* **Recorded data**:
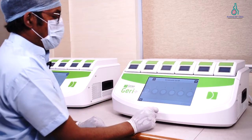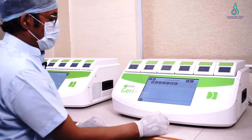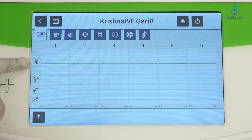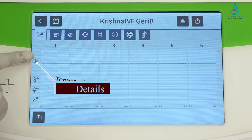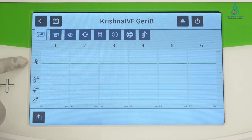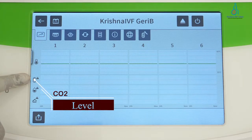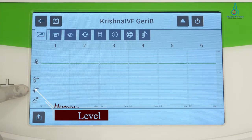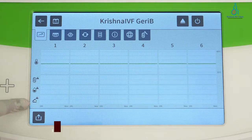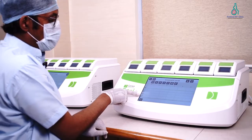Now we will go back — this is the customized settings screen. Here we are seeing the graph for the temperature for each chamber, then the CO2 level for each chamber, the humidity level for each chamber, and the last one is for the events for the lid open of each chamber.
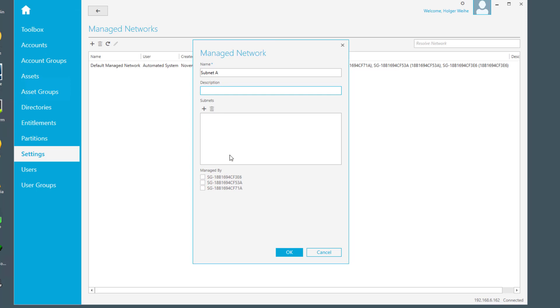Of course you can have multiples of subnets related to that, and you can have one, two, four, whatever number of nodes assigned to that network to be responsible for management. In this case, I'll make it very easy for this example.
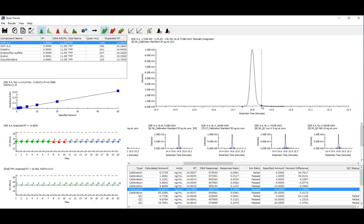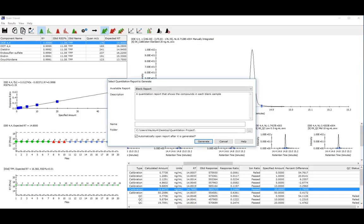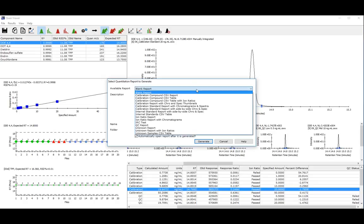Once you are happy with your results, you can then click Generate a Quantitation Report. There are a number of report formats available to choose from.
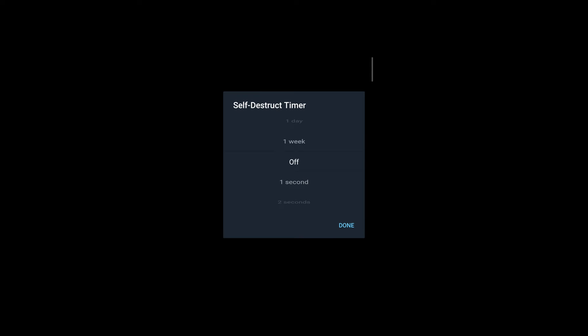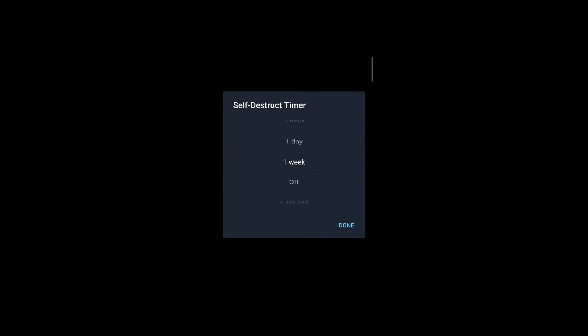As you can see, the self-destruct timer is currently turned off. However, I can scroll down and set it as long as I want. The longest your self-destruct timer can be set is a week.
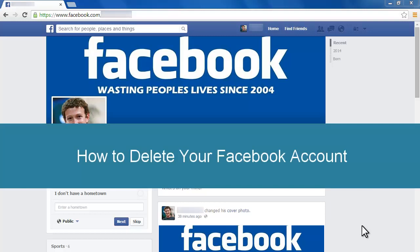Hi, in this video, I will show you how to permanently delete a Facebook account.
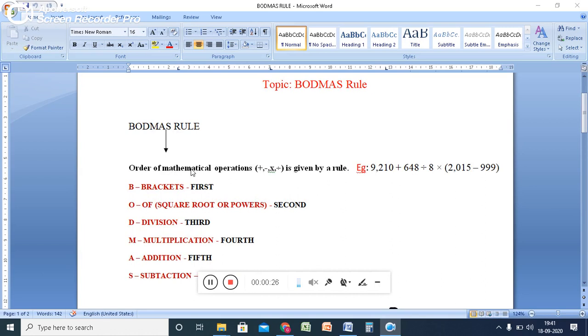What is BODMAS rule? By ordering the mathematical operations. You already know about addition, subtraction, multiplication, division. These are all the mathematical operations, mathematical signs.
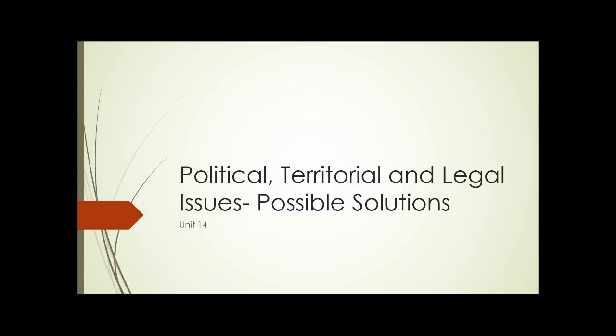Political, Territorial, and Legal Issues: Possible Solutions. Unit 14.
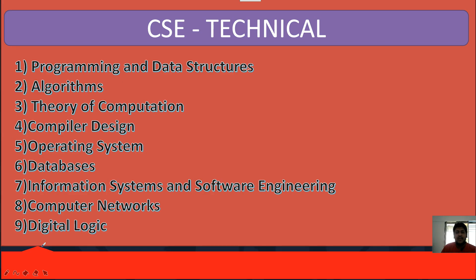For CSE, the important thing to understand is that the Nihilent 2.0 pattern has changed. Nihilent conducted one exam called Nihilent NIC, and the pattern was completely different — very surprising. That's why you have to cover all the topics mentioned in the syllabus. You cannot skip anything, because they may ask maximum questions from any topic. Pattern is changed and you have to do everything from non-tech and tech both.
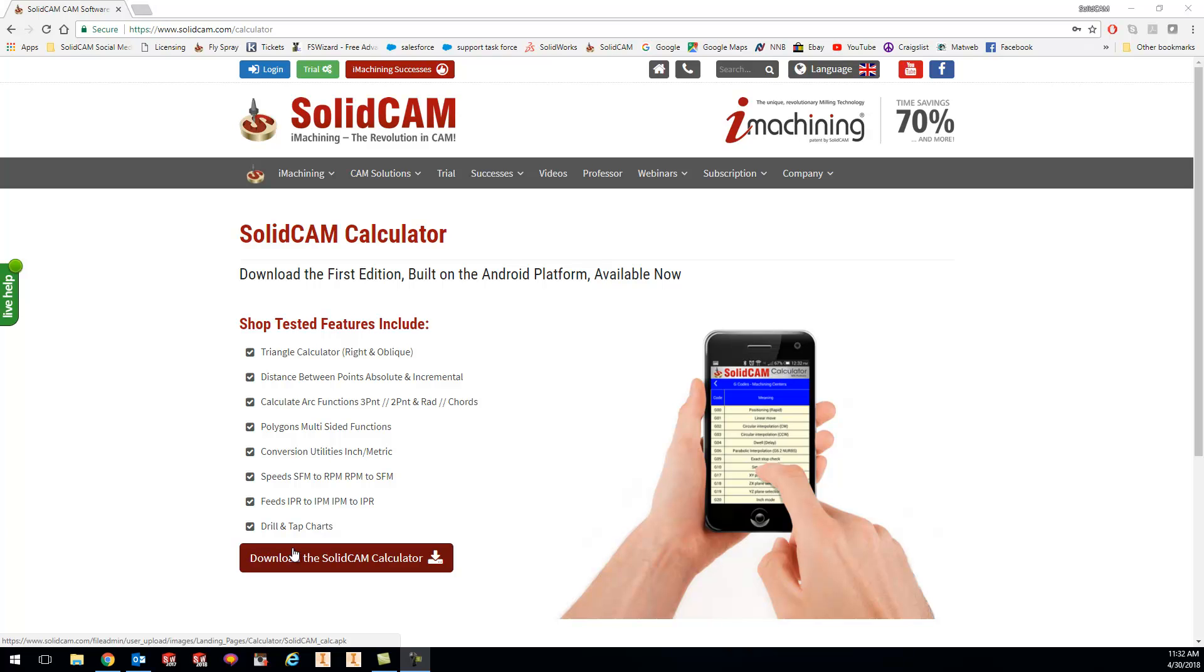Come check it out, and if you have any questions, definitely shoot me an email or give me a call, and we can help you out with this SolidCAM Calculator. Thanks guys, talk to you tomorrow for the tip of the day. Bye bye.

* **Your task**: Extract the part of the records that opens with the line containing "Once you are" and closes with the line containing "Political, Territorial, and". Take only those lines, exactly, and no pictures.

* **Exercise response**:
Once you are happy with your results, you can then click Generate a Quantitation Report. There are a number of report formats available to choose from.
As you can see, the self-destruct timer is currently turned off. However, I can scroll down and set it as long as I want. The longest your self-destruct timer can be set is a week.
Hi, in this video, I will show you how to permanently delete a Facebook account.
What is BODMAS rule? By ordering the mathematical operations. You already know about addition, subtraction, multiplication, division. These are all the mathematical operations, mathematical signs.
Political, Territorial, and Legal Issues: Possible Solutions. Unit 14.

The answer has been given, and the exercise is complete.